[Image-text web data]
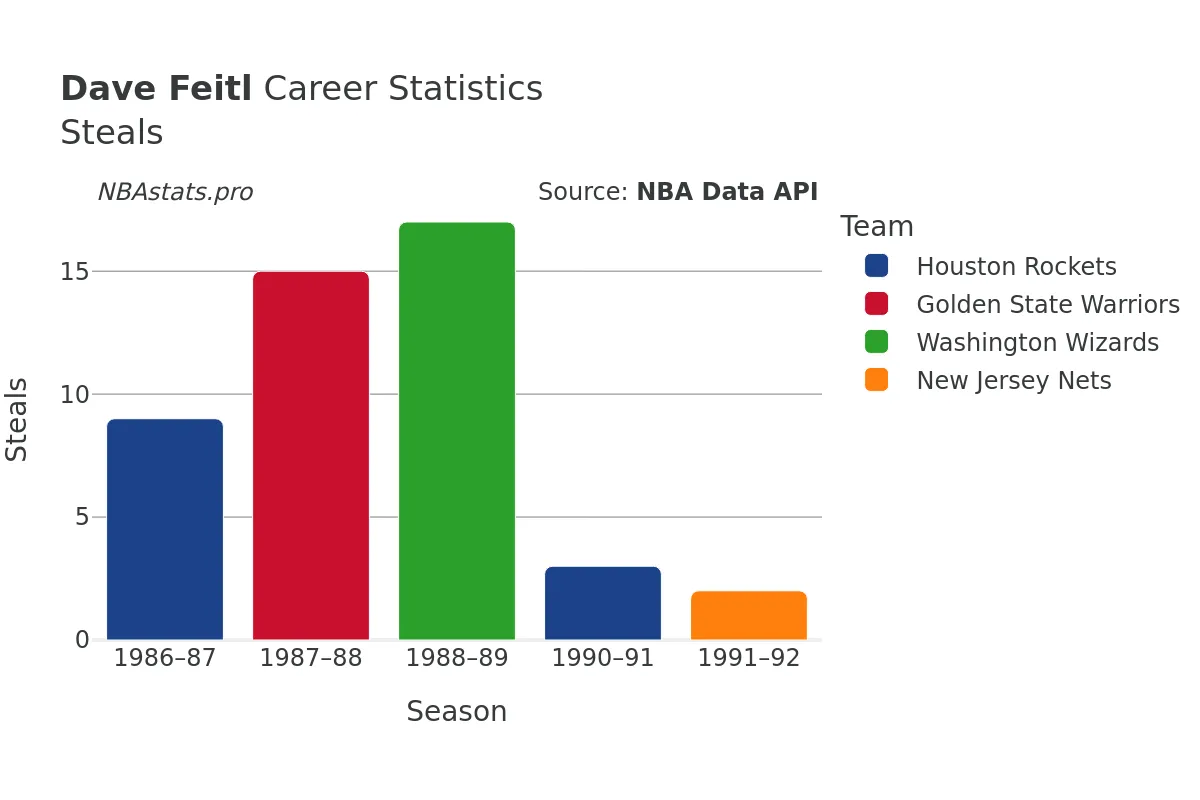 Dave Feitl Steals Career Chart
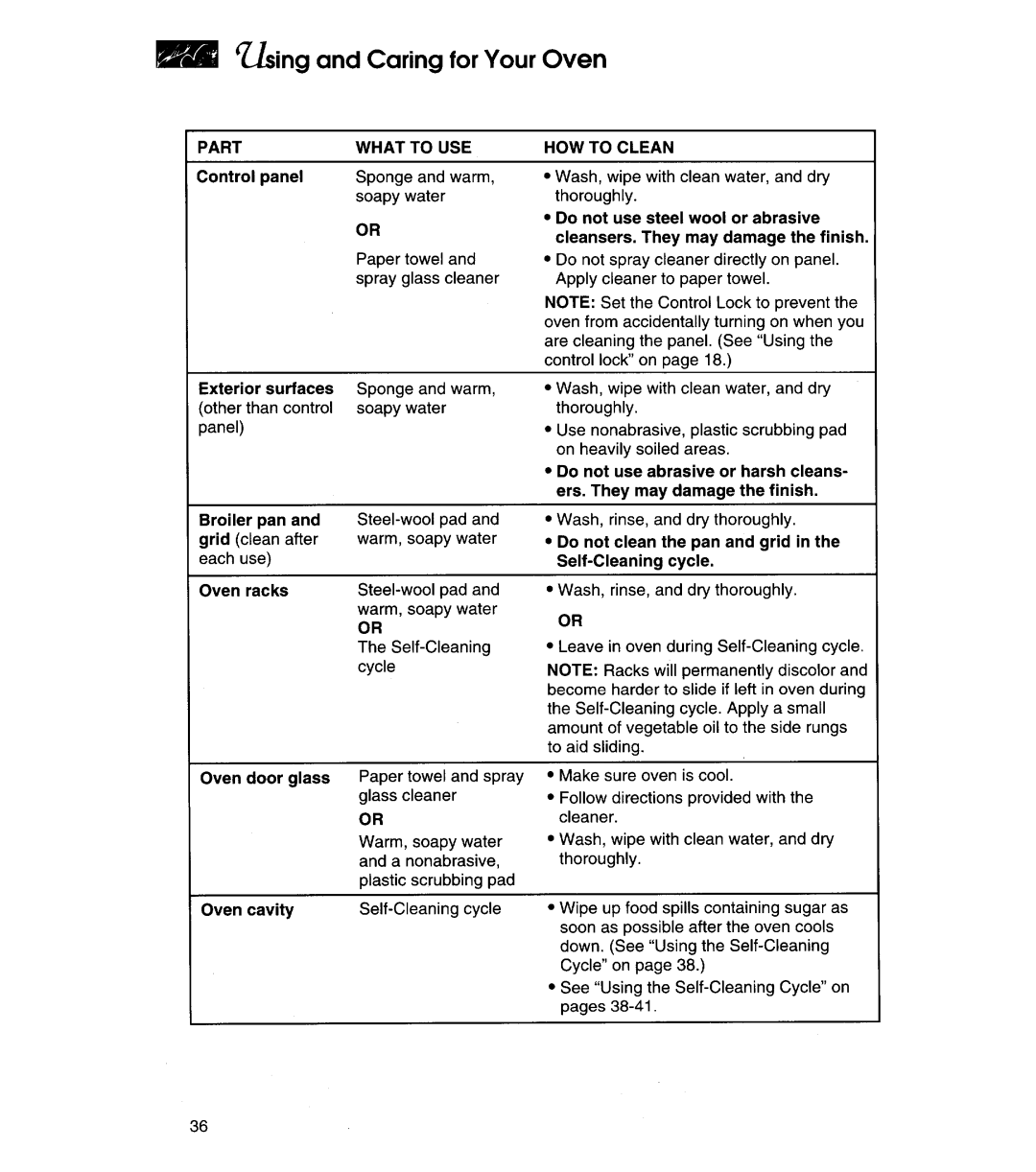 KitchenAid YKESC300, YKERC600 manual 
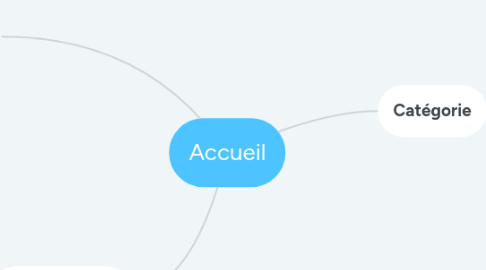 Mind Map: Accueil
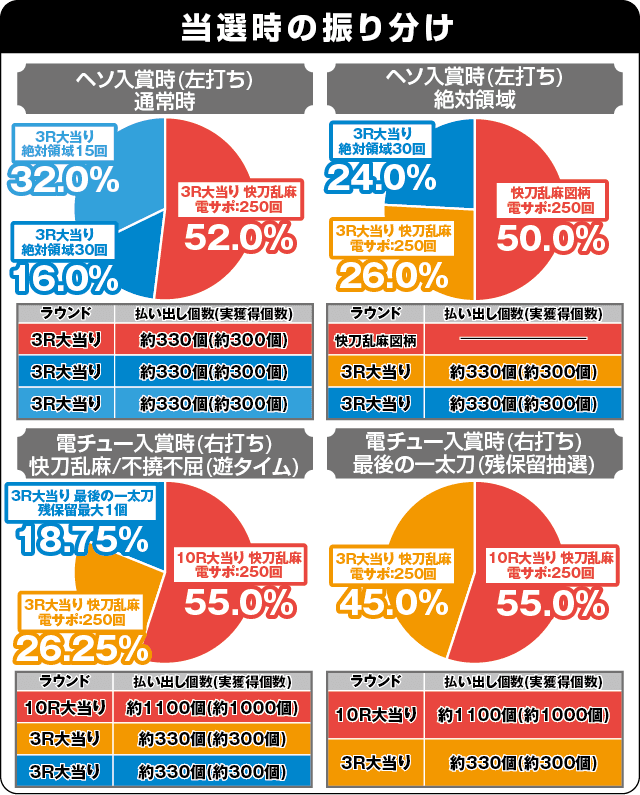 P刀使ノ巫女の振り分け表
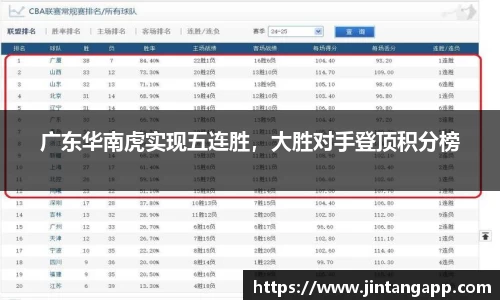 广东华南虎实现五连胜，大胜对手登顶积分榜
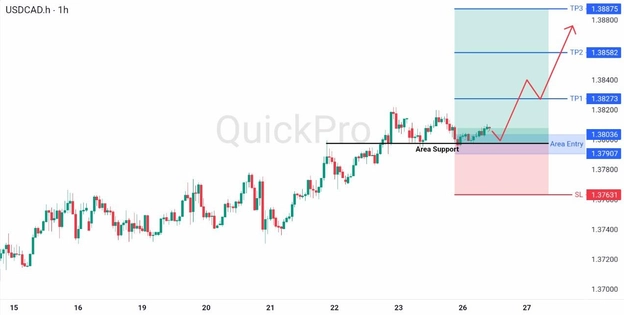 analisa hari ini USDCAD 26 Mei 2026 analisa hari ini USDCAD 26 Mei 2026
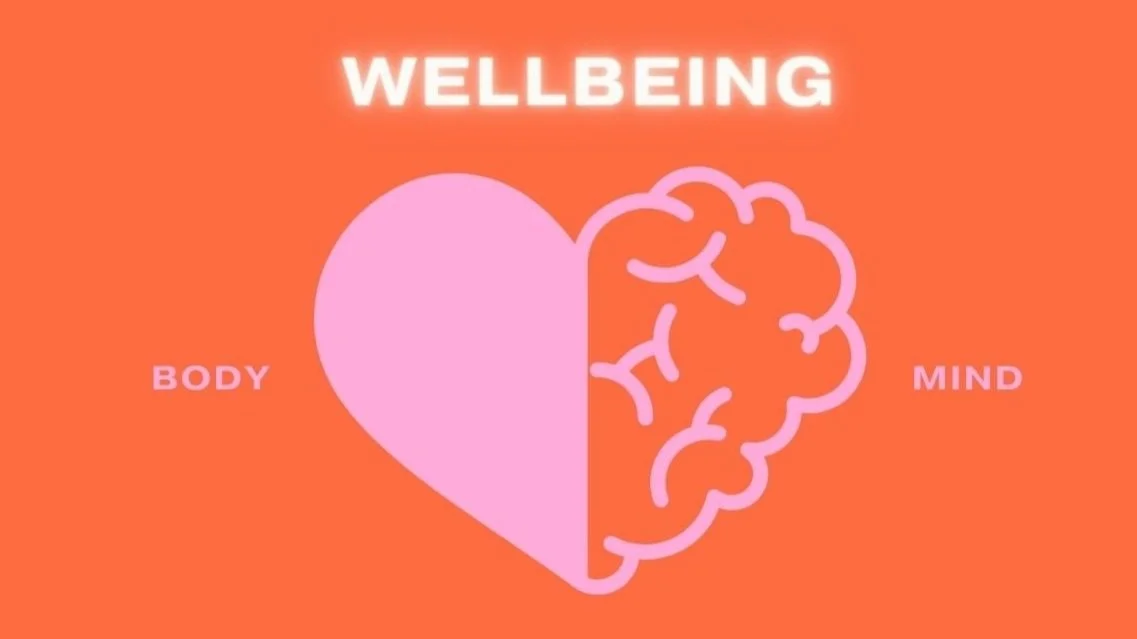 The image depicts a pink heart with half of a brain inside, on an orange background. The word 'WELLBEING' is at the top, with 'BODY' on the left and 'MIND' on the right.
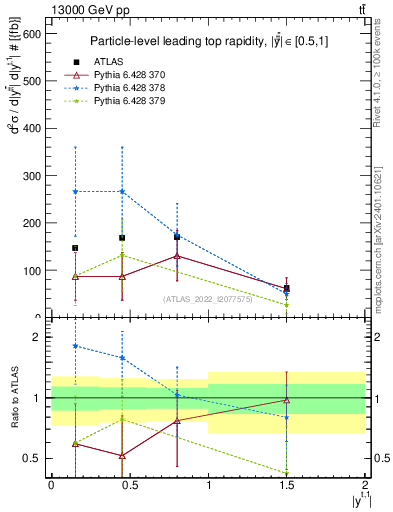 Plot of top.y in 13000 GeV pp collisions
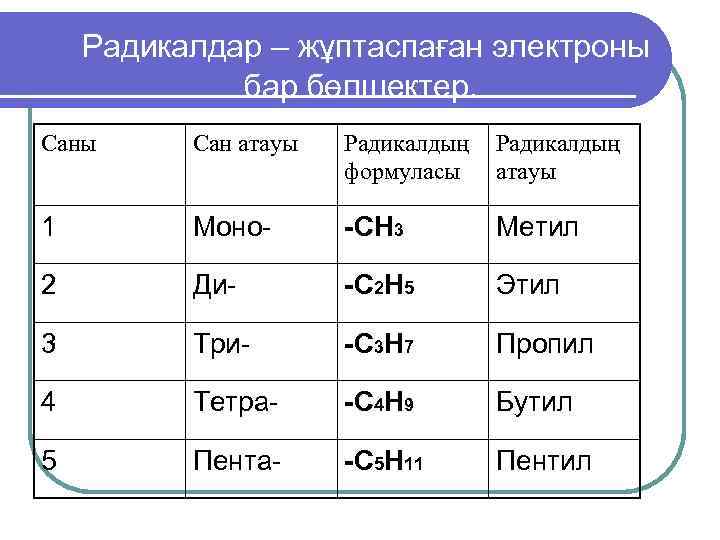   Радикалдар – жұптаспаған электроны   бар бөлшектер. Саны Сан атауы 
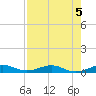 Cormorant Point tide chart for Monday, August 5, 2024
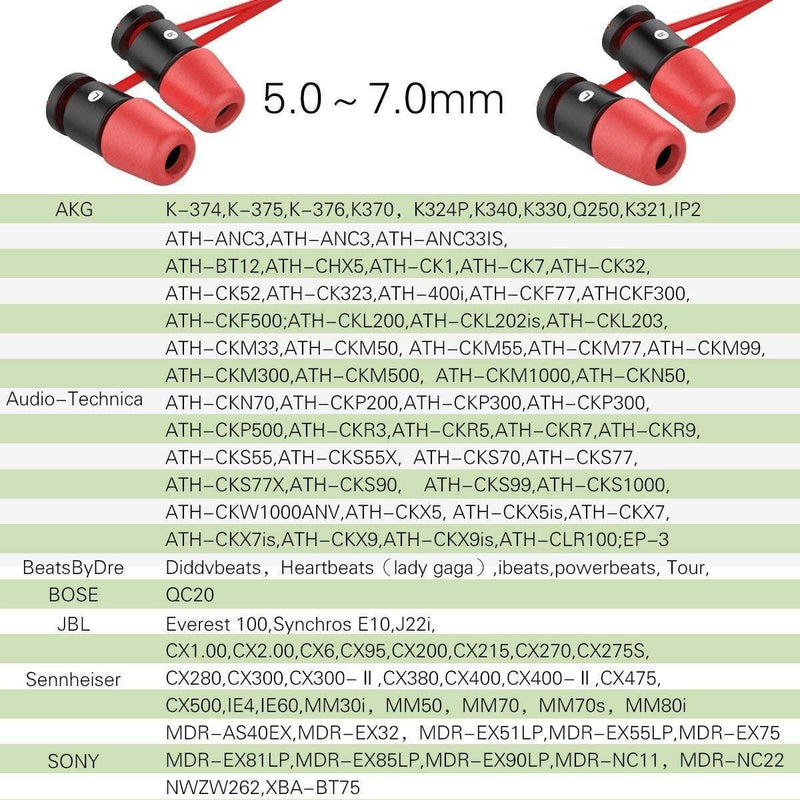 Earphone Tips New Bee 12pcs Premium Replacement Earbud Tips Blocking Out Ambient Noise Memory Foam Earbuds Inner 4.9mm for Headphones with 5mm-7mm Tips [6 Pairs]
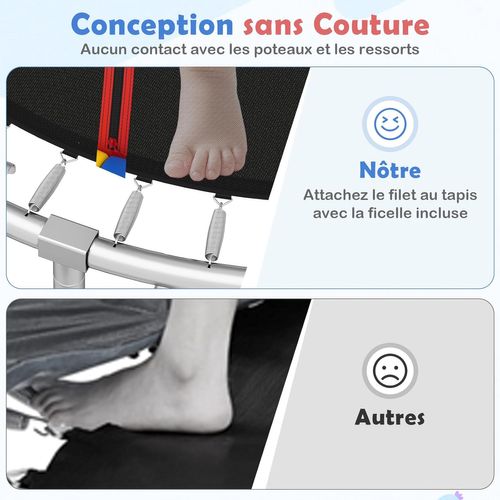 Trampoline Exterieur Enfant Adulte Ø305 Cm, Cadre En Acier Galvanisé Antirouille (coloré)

→ **Problem**
Print the lines from the one holding "analisa hari ini USDCAD 26 Mei 2026 analisa" through the last line of the records, word for word, and omit the pictures.

→ **Result for this task**
 analisa hari ini USDCAD 26 Mei 2026 analisa hari ini USDCAD 26 Mei 2026
 The image depicts a pink heart with half of a brain inside, on an orange background. The word 'WELLBEING' is at the top, with 'BODY' on the left and 'MIND' on the right.
 Plot of top.y in 13000 GeV pp collisions
   Радикалдар – жұптаспаған электроны   бар бөлшектер. Саны Сан атауы 
 Cormorant Point tide chart for Monday, August 5, 2024
 Earphone Tips New Bee 12pcs Premium Replacement Earbud Tips Blocking Out Ambient Noise Memory Foam Earbuds Inner 4.9mm for Headphones with 5mm-7mm Tips [6 Pairs]
 Trampoline Exterieur Enfant Adulte Ø305 Cm, Cadre En Acier Galvanisé Antirouille (coloré)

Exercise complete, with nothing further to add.